* PROBLEM REQUIREMENTS:
Among the lines below, restate word for word only those from the line with "Beachfront villa in Budva, photograph 18" through the line with "Freistehendes Einzelhaus unter", with both end lines kept.

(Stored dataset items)
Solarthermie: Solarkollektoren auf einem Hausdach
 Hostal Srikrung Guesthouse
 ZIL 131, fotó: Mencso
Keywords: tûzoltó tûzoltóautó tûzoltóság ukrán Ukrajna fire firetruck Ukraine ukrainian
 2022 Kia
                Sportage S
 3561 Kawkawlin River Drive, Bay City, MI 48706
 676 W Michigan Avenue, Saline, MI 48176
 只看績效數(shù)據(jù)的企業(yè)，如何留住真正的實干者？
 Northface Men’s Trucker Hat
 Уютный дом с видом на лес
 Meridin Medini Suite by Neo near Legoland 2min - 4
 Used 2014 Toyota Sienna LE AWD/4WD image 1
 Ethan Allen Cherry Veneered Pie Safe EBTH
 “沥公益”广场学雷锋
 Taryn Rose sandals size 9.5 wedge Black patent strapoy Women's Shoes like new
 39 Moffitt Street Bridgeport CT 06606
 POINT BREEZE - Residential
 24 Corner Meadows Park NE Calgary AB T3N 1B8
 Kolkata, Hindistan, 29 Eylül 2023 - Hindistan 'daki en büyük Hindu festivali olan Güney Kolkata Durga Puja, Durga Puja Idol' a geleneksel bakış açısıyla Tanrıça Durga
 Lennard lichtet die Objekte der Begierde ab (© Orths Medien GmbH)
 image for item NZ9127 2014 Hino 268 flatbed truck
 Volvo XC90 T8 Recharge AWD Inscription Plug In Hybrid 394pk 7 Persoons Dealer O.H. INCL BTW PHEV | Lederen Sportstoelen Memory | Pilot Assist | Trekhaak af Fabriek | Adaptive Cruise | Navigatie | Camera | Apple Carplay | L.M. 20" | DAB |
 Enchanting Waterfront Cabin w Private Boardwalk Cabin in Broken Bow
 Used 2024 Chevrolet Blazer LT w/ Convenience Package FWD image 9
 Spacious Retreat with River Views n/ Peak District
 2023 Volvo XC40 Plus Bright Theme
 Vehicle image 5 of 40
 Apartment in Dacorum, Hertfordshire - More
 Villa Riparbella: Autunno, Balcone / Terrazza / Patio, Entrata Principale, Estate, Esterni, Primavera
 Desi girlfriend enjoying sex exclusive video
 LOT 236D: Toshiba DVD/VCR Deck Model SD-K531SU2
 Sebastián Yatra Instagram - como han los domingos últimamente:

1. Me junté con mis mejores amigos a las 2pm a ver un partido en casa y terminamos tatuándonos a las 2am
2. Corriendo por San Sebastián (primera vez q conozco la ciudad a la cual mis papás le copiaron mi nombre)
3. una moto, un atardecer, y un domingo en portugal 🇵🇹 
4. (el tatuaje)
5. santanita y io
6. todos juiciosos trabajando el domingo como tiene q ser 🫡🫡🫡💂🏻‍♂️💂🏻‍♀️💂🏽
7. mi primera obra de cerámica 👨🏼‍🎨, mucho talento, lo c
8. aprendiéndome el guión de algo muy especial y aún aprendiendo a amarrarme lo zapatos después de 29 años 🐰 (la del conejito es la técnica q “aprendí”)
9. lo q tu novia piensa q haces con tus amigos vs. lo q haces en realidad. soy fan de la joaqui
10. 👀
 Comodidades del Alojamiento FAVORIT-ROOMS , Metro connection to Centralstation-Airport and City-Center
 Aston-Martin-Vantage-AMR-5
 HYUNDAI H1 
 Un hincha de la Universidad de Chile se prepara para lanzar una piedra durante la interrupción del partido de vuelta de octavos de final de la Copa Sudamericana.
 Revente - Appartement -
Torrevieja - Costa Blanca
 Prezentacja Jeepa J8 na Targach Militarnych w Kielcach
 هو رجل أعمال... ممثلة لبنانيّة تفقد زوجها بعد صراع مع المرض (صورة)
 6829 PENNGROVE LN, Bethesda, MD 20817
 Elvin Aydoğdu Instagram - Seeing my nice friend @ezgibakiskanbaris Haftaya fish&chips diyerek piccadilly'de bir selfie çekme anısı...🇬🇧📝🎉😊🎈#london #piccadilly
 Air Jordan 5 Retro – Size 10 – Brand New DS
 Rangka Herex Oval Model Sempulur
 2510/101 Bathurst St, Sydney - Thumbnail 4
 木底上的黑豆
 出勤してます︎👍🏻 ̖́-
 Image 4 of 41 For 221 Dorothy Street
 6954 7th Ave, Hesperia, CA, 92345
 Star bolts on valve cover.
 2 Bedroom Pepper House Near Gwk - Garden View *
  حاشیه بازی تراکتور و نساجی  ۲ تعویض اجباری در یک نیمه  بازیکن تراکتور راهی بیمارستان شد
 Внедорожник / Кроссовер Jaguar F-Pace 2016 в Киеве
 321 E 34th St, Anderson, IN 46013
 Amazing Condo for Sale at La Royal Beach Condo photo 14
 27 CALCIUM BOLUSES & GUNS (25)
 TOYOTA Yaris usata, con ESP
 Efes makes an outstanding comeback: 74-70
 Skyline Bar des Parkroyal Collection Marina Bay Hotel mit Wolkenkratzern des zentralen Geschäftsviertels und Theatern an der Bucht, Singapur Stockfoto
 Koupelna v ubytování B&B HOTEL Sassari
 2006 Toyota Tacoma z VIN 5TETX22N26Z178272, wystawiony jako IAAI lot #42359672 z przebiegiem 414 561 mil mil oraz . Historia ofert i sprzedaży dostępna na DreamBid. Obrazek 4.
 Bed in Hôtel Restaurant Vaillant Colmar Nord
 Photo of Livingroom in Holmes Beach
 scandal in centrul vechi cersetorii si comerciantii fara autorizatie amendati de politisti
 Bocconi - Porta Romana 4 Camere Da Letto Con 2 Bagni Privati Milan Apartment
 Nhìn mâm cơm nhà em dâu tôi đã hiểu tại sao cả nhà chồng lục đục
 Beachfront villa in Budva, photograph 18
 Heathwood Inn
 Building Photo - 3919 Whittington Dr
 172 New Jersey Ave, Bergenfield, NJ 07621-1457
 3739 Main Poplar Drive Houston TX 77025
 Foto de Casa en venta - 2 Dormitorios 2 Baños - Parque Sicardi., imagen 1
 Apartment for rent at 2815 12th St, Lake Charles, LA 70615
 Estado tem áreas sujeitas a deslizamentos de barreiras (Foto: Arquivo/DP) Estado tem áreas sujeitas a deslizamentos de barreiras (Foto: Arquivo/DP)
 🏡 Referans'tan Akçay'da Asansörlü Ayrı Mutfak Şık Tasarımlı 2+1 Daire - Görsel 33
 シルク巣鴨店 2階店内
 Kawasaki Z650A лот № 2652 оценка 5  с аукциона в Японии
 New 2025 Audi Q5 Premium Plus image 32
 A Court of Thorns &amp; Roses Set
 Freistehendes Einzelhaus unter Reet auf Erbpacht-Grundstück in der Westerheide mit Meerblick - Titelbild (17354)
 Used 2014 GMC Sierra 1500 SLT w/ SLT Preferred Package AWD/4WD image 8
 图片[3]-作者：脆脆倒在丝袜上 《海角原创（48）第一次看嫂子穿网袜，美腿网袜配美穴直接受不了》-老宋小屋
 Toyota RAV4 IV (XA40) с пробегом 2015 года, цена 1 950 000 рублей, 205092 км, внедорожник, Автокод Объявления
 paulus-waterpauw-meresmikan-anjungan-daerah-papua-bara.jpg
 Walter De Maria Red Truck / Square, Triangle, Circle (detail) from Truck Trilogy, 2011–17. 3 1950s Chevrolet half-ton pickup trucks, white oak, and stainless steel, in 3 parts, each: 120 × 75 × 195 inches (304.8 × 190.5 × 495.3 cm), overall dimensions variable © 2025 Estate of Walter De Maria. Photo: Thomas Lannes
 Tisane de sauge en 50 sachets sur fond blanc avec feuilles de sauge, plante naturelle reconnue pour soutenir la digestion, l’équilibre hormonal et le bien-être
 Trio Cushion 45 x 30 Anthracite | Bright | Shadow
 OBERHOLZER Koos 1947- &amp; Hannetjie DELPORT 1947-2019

* SOLUTION TO THIS EXERCISE:
 Beachfront villa in Budva, photograph 18
 Heathwood Inn
 Building Photo - 3919 Whittington Dr
 172 New Jersey Ave, Bergenfield, NJ 07621-1457
 3739 Main Poplar Drive Houston TX 77025
 Foto de Casa en venta - 2 Dormitorios 2 Baños - Parque Sicardi., imagen 1
 Apartment for rent at 2815 12th St, Lake Charles, LA 70615
 Estado tem áreas sujeitas a deslizamentos de barreiras (Foto: Arquivo/DP) Estado tem áreas sujeitas a deslizamentos de barreiras (Foto: Arquivo/DP)
 🏡 Referans'tan Akçay'da Asansörlü Ayrı Mutfak Şık Tasarımlı 2+1 Daire - Görsel 33
 シルク巣鴨店 2階店内
 Kawasaki Z650A лот № 2652 оценка 5  с аукциона в Японии
 New 2025 Audi Q5 Premium Plus image 32
 A Court of Thorns &amp; Roses Set
 Freistehendes Einzelhaus unter Reet auf Erbpacht-Grundstück in der Westerheide mit Meerblick - Titelbild (17354)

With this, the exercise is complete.